‘Snowden’ builds case for whistleblower in Oliver Stone movie
“Snowden” features a terrific central performance in a slightly better-than-average movie. And while director Oliver Stone has found material perfectly suited to his conspiratorial interests, he simply didn’t crack the code in seeking to bring this fact-based story to life with the attributes of a thriller.
“Snowden” is still worth seeing, not only for the serious issues Edward Snowden raised about government surveillance and digital eavesdropping, but also Joseph Gordon-Levitt’s disappearance into the title role.
The actor masters not just Snowden’s cadence but seemingly his essence — a slightly nerdy tech genius, ultimately driven to act despite the clear knowledge that in a best-case scenario he’d be forced to become a fugitive from the U.S. government.

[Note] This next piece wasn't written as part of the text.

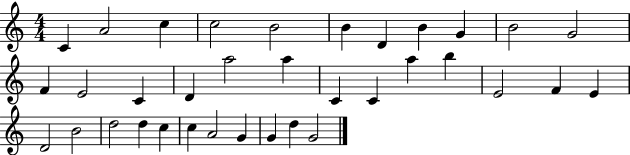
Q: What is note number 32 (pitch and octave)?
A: G4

Gordon-Levitt is deserving of praise, and possibly more tangible accolades, which the movie as a whole doesn’t merit.
One problem, both for Snowden and the filmmakers, comes in clearly explaining the threat, distilling the technical jargon into something the public/audience can fully grasp. It’s a point nicely illustrated within the movie when Snowden seeks to school his girlfriend, Lindsay (Shailene Woodley), about the dangers of having the government snoop around in her private digital space even if, as she says, she has nothing to hide.
Unfortunately, Stone’s instincts are often to pound home his points, which here would be better served by a more understated tone. In that respect, there’s a good compare-and-contrast to be done with “Snowden” and “Sully,” the just-released Clint Eastwood movie that salutes a less-controversial hero.

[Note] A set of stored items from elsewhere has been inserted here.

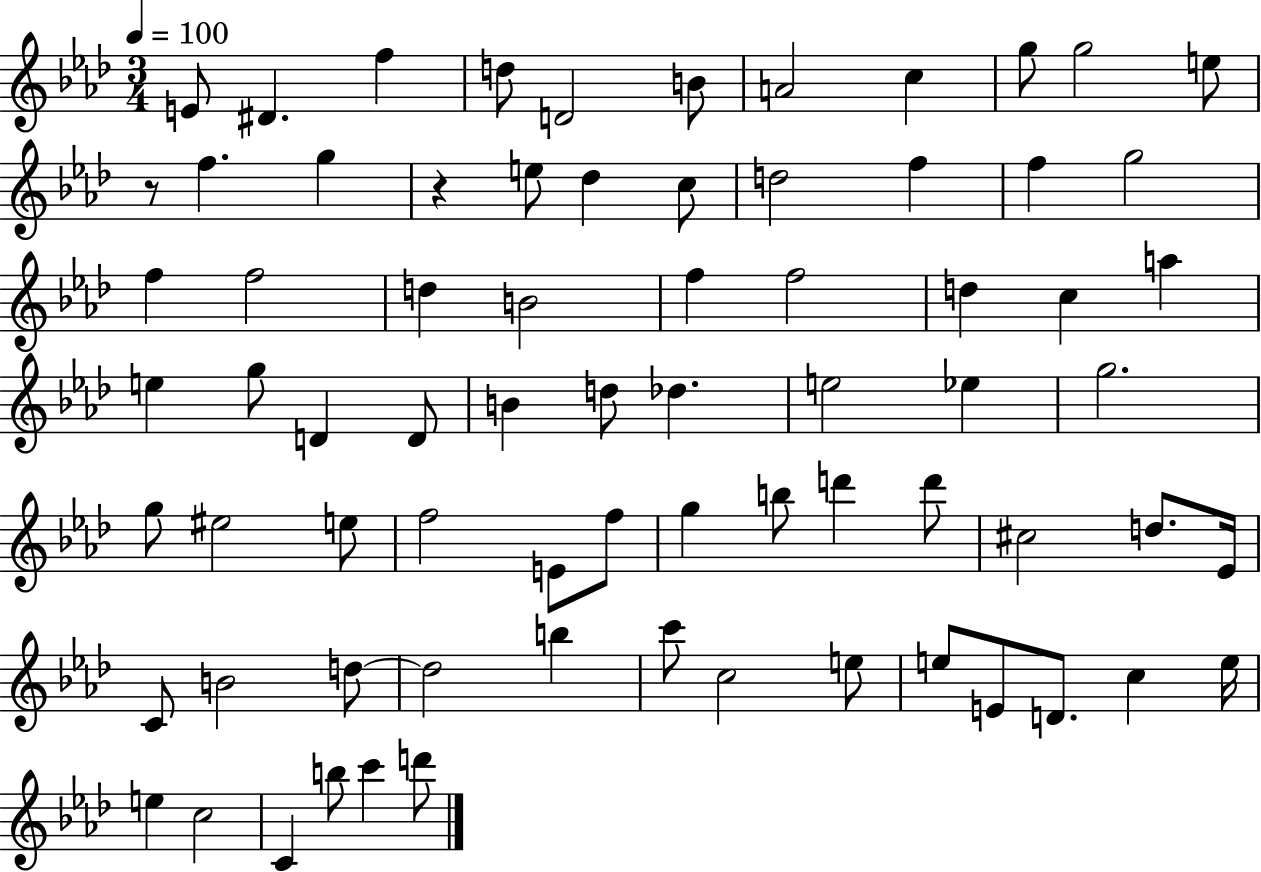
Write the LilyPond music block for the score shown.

{
  \clef treble
  \numericTimeSignature
  \time 3/4
  \key aes \major
  \tempo 4 = 100
  e'8 dis'4. f''4 | d''8 d'2 b'8 | a'2 c''4 | g''8 g''2 e''8 | \break r8 f''4. g''4 | r4 e''8 des''4 c''8 | d''2 f''4 | f''4 g''2 | \break f''4 f''2 | d''4 b'2 | f''4 f''2 | d''4 c''4 a''4 | \break e''4 g''8 d'4 d'8 | b'4 d''8 des''4. | e''2 ees''4 | g''2. | \break g''8 eis''2 e''8 | f''2 e'8 f''8 | g''4 b''8 d'''4 d'''8 | cis''2 d''8. ees'16 | \break c'8 b'2 d''8~~ | d''2 b''4 | c'''8 c''2 e''8 | e''8 e'8 d'8. c''4 e''16 | \break e''4 c''2 | c'4 b''8 c'''4 d'''8 | \bar "|."
}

As with his earlier films, a la “JFK,” Stone goes a bit overboard at times in seeking to lionize Snowden as a patriot — someone whose desire to serve in the military and conservatism ultimately gave way to a more cynical attitude about his government, faced with tangible evidence of its transgressions.
The movie frames this budding realization via flashbacks, with Snowden carefully arranging his first meeting with a trio of journalists — Glenn Greenwald (Zachary Quinto), Ewen MacAskill (Tom Wilkinson) and documentarian Laura Poitras (Melissa Leo) — in a Hong Kong hotel room. There, he lays out the top-secret information he has accessed, a treasure trove of documents exposing government overreach in the name of thwarting terrorism across two administrations.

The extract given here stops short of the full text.